Bird influenza cases spreading across Michigan; latest is in Oakland County

Michigan agriculture and wildlife experts said Friday highly pathogenic avian influenza (HPAI) has been detected in at least nine Michigan counties in the past two months, most recently in a non-commercial backyard poultry flock from Oakland County.

The Michigan Department of Agriculture and Rural Development and the Michigan State University Veterinary Diagnostic Laboratory said while cooler temperatures and damp conditions continue, the risk for disease remains high and bird owners should take steps to protect their flocks.

HPAI is viewed as a highly contagious virus that can be spread in various ways from flock to flock, including by wild birds, through contact with infected poultry, equipment, and on the clothing and shoes of caretakers.

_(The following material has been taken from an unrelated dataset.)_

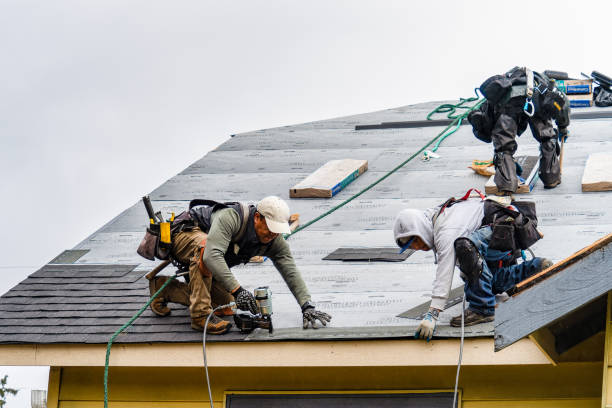 Professional Roofing technician working in Maine, NY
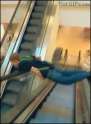 1416705838415.gif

To protect other flocks in Michigan, the Oakland County premises is currently under quarantine, and the birds will be depopulated to prevent disease spread, officials said. The affected flock contained about 40 birds of different species.

“At this time, HPAI continues to mainly be spread through the migration of wild birds,” State Veterinarian Dr. Nora Wineland said in release. “It is important for bird owners to stop this route of transmission by keeping their flocks away from bodies of water wild birds could visit, bringing their flocks indoors, and following other protocols to prevent the virus from being introduced to their birds.